Without curation, a shared knowledge store degrades quickly. Outdated patterns, one-off debugging conversations, and redundant explanations crowd out the signal. The problem is worse with teams — more contributors means more noise.

The steward solves this by treating quality as a feedback loop: knowledge that helps people answer questions survives and rises to the top. Knowledge that doesn't, fades away. No one needs to manually curate anything.

Learning period

For the first 50 retrieval events, the steward stays hands-off. Everything is kept while the system learns what your team actually finds useful. Once enough usage data accumulates, quality-aware filtering activates automatically.

The maintenance cycle

Every 60 minutes (configurable), the steward runs a three-phase sweep:

Phase 1: Score

Every knowledge item gets a quality score based on two factors:

  • Usage — How often has this been retrieved? Items that are frequently surfaced in team members' sessions score higher.
  • Recency — How recently was this last useful? Unused knowledge decays over time (90-day half-life by default).

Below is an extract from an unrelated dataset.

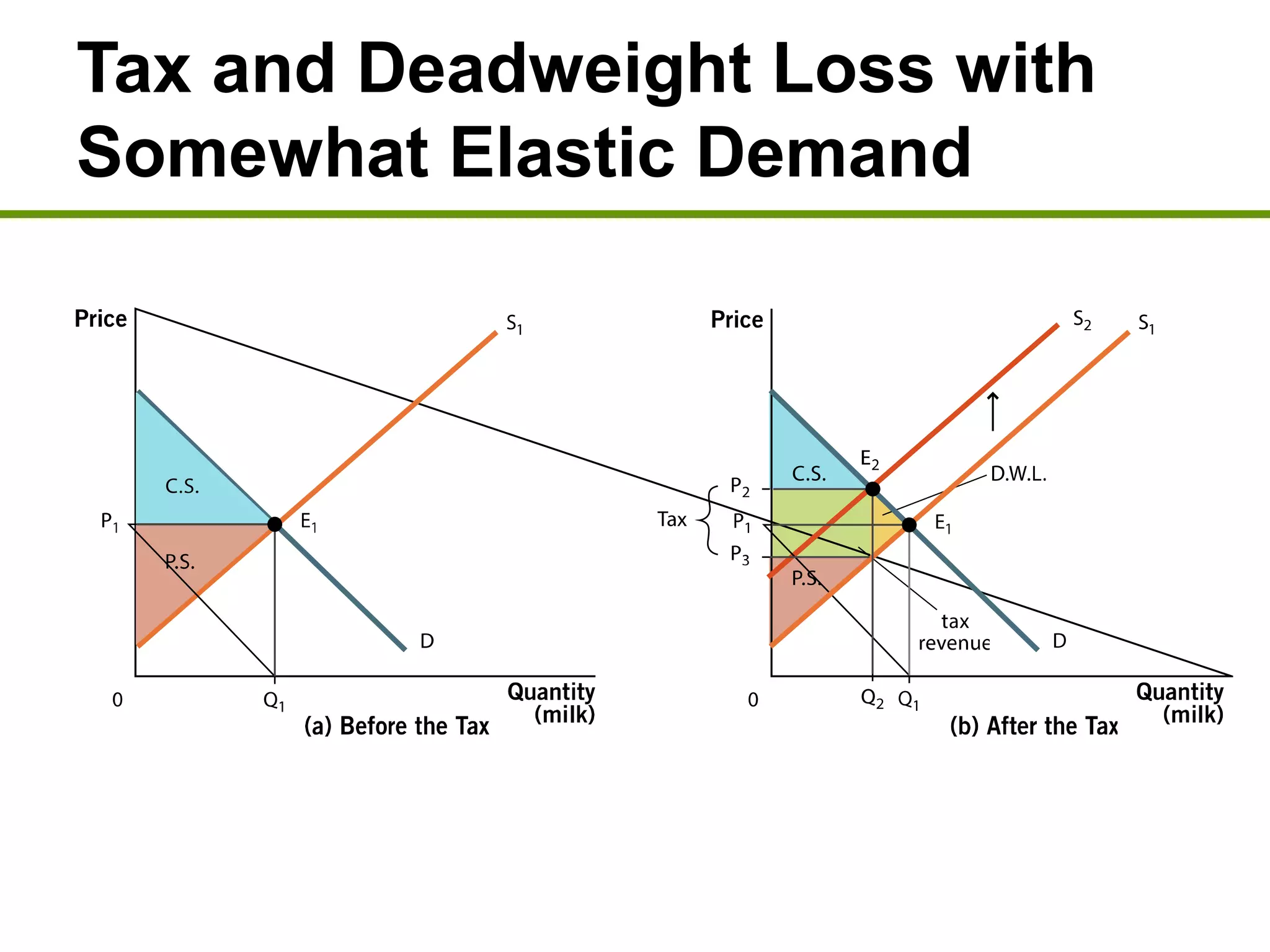 Tax and Deadweight Loss with
Somewhat Elastic Demand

New items start with a neutral score and aren't penalized until they've had a chance to prove their value.

Phase 2: Clean up

A knowledge item is removed only when all three conditions are met:

  1. Old enough — exists for more than 24 hours (grace period)
  2. Low quality — score below the pruning threshold
  3. Never retrieved — zero evidence anyone found it useful

This is deliberately conservative. Even a single retrieval saves an item from cleanup. The system only removes knowledge that has genuinely zero evidence of value.

Phase 3: Deduplicate

When multiple team members learn the same thing independently (which happens constantly), near-duplicate items accumulate. The steward identifies pairs that are semantically very similar (≥ 88% similarity) and keeps the one with more usage signal.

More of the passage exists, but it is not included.